Date Filed: 01/20/2017
“some sort of deviation from a legal rule”; (2) that is clear or obvious; and that
(3) affects his substantial rights. See Puckett v. United States, 556 U.S. 129,
135 (2009) (internal quotation marks, modification, and citation omitted). If
the defendant makes such a showing, we have the discretion to correct the
error, but we will do so only if it seriously affects the fairness, integrity, or
public reputation of judicial proceedings. Id. “In considering whether an error
is clear or obvious we look to the state of the law at the time of appeal, and we
must decide whether controlling circuit or Supreme Court precedent has
reached the issue in question, or whether the legal question would be subject
to reasonable dispute.” United States v. Fields, 777 F.3d 799, 802 (5th Cir.
2015) (internal quotation marks and footnoted citations omitted); see also
Henderson v. United States, 133 S. Ct. 1121, 1130 (2013) (holding that the
“requirement that an error be ‘plain’ means that lower court decisions that are
questionable but not plainly wrong . . . fall outside” the scope of plain error).
First, Castaneda-Morales claims that the district court plainly erred in
assigning criminal history points under U.S.S.G. § 4A1.1(e) to the sentences
for three of his prior Oregon third-degree assault convictions, which
necessarily required a finding that those convictions were for crimes of
violence, as defined in U.S.S.G. § 4B1.2(a) and comment. (n.5) (Nov. 1, 2014).
He contends that the only basis for characterizing his Oregon offenses as
crimes of violence was § 4B1.2’s residual clause, which he insists is
unconstitutionally vague in light of Johnson v. United States, 135 S. Ct. 2551
(2015). We have not addressed the constitutionality of § 4B1.2’s residual
clause, so Castaneda-Morales cannot show error, if any, that is clear or obvious.
See United States v. Howell, 838 F.3d 489, 492 (5th Cir. 2016) (declining to
address the issue); Henderson, 133 S. Ct. at 1130; Fields, 777 F.3d at 802.
Neither has he shown that the district court erred, clearly or otherwise, to the
Date Filed: 01/20/2017
extent it determined that the Oregon offenses were categorically crimes of
violence, either as enumerated aggravated assault offenses or under the
elements clause. See Henderson, 133 S. Ct. at 1130; Fields, 777 F.3d at 802.
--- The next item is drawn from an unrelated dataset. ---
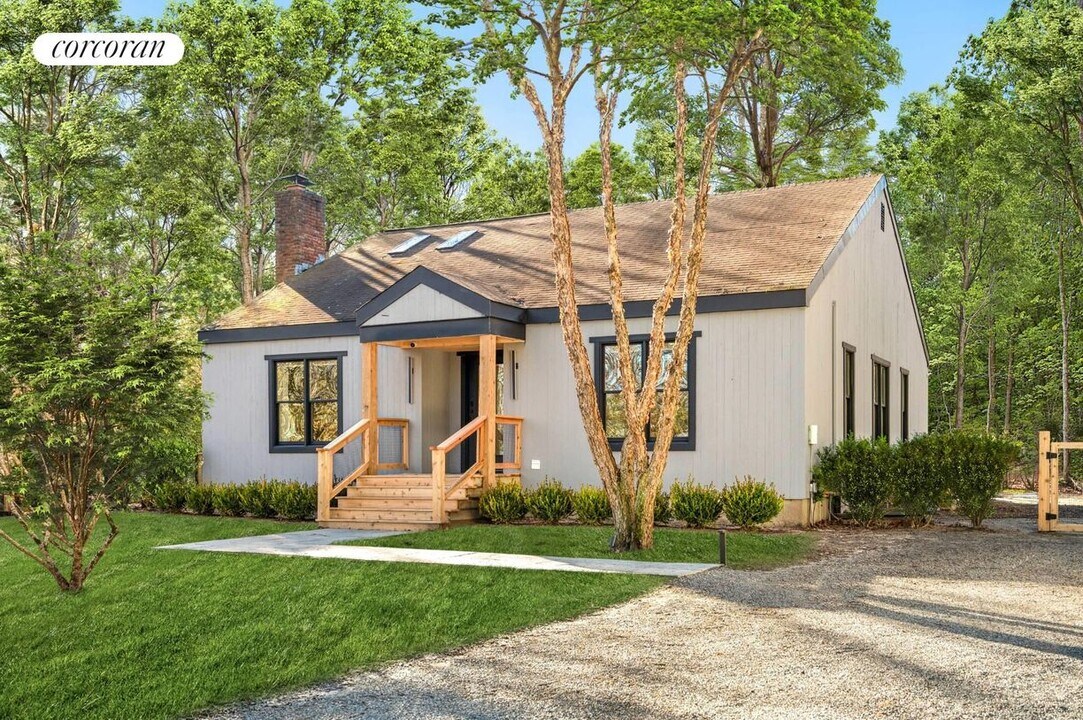 57 Woodruff Ln in Bridgehampton, NY - Building Photo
Second, Castaneda-Morales asserts that the district court plainly erred
by characterizing his prior Oregon convictions for third-degree assault as
aggravated felonies under 8 U.S.C. § 1101(a)(43)(F) for purposes of applying a
sentencing enhancement under U.S.S.G. § 2L1.2(b)(1)(C) (Nov. 1, 2014) and for
convicting and sentencing him under § 1326(b)(2).
Relying primarily on
Johnson v. United States, 135 S. Ct. 2551 (2015), he contends that the
definition of a crime of violence in 8 U.S.C. § 16(b), which is incorporated by
reference into § 1101(a)(43)(F)’s definition of an aggravated felony, is
unconstitutionally vague on its face.
Castaneda-Morales’s reasoning is
foreclosed by our decision in United States v. Gonzalez-Longoria, 831 F.3d 670
(5th Cir. 2016) (en banc), petition for cert. filed (Sept. 29, 2016) (No. 16-6259).
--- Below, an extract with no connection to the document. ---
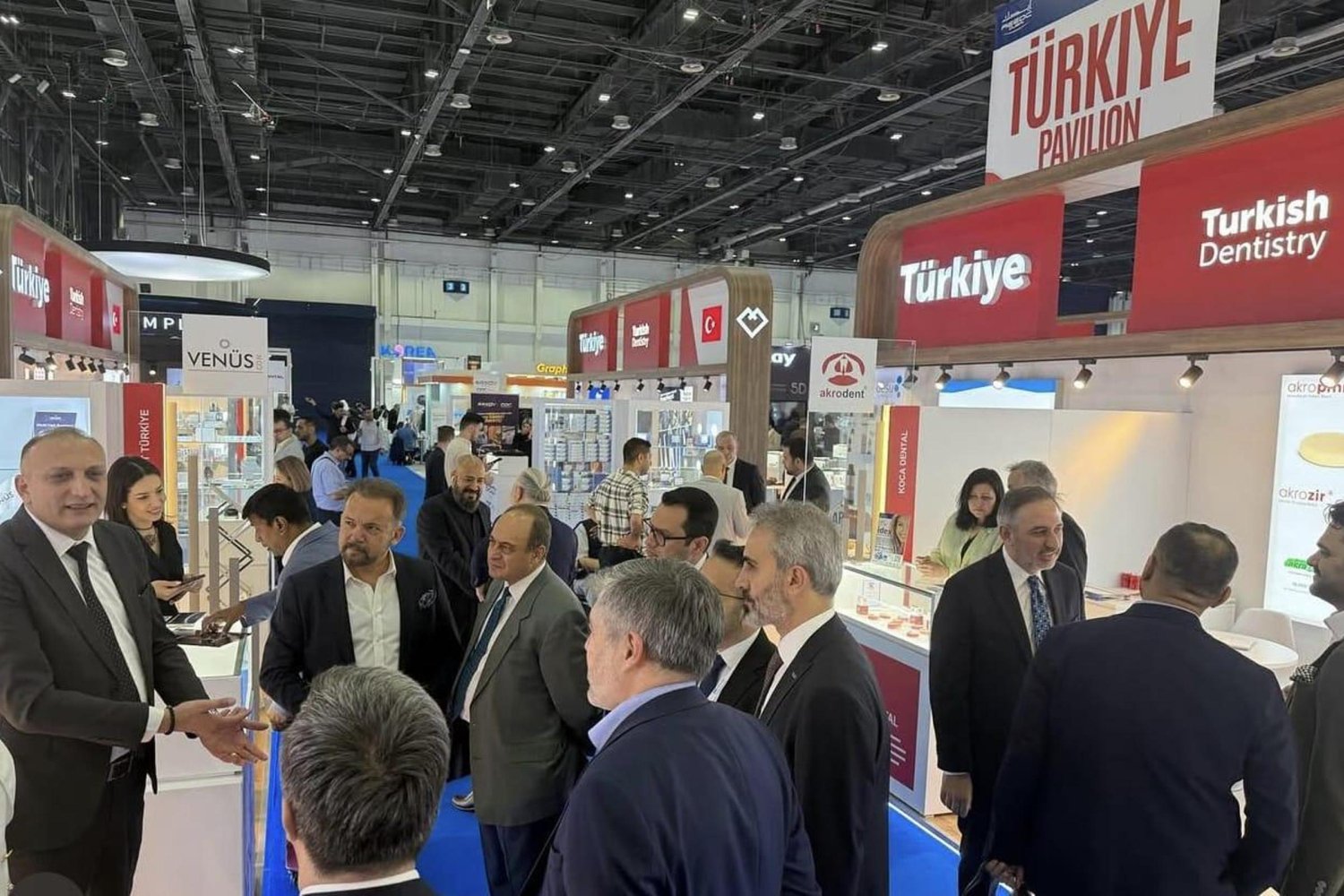 Diş Malzemeleri Sektörü Dubai Fuarında Sektörde Güçlü Görünüm ve Sürdürülebilir Büyüme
The recent grant of certiorari by the United States Supreme Court on the issue
whether § 16(b) is unconstitutional in light of Johnson in Lynch v. Dimaya, 137
S. Ct. 31 (2016), does not alter this analysis.
We are bound by our own
precedent unless and until that precedent is altered by a decision of the
Supreme Court. See Wicker v. McCotter, 798 F.2d 155, 157-58 (5th Cir. 1986).